On February 17, 2009, President Obama signed the American Recovery and Reinvestment Act of 2009 (the 2009 Recovery Act) that was passed by the House and Senate on February 13, 2009. In addition to providing a massive federal investment in energy, transportation and infrastructure, education and health care projects, the 2009 Recovery Act expands upon the executive compensation restrictions for entities participating in the Troubled Asset Relief Program (TARP) enacted in fall 2008 as part of the Emergency Economic Stabilization Act (EESA). These restrictions are located in Title VII of Division B of the 2009 Recovery Act, available at http://www.house.gov/billtext/hr1_cr_jesb.pdf.

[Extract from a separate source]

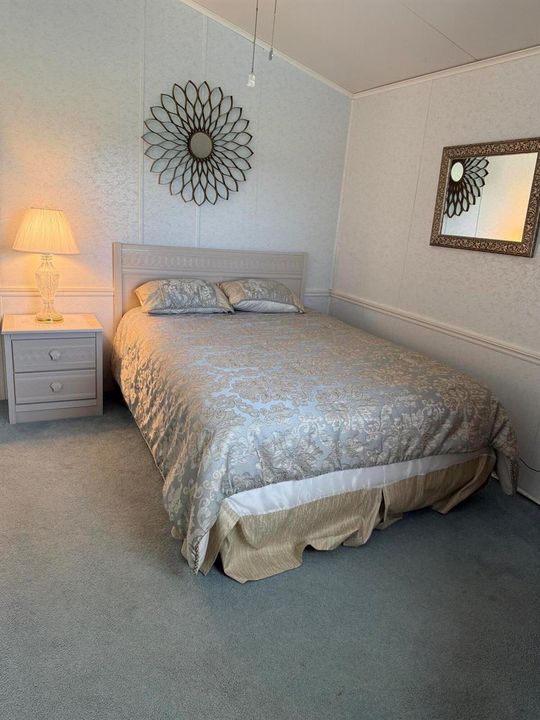 queen bed2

The most significant executive compensation restriction in the 2009 Recovery Act limits the amount and timing of incentive compensation and retention bonuses that may be paid by TARP recipients to their executives before satisfying all obligations arising from financial assistance provided under the TARP. Up to 25 executives may be limited by this restriction depending upon the amount of TARP financial assistance. The 2009 Recovery Act also prohibits severance benefits that may be paid to named executive officers and the five next most highly compensated employees of a TARP recipient, and limits amounts that may be deducted for executive compensation. Shareholders at these institutions must also be provided a “say on pay.” Subject to certain payments under employment agreements entered into on or before February 11, 2009, these restrictions are retroactive and cover existing and future financial institutions receiving TARP financial assistance.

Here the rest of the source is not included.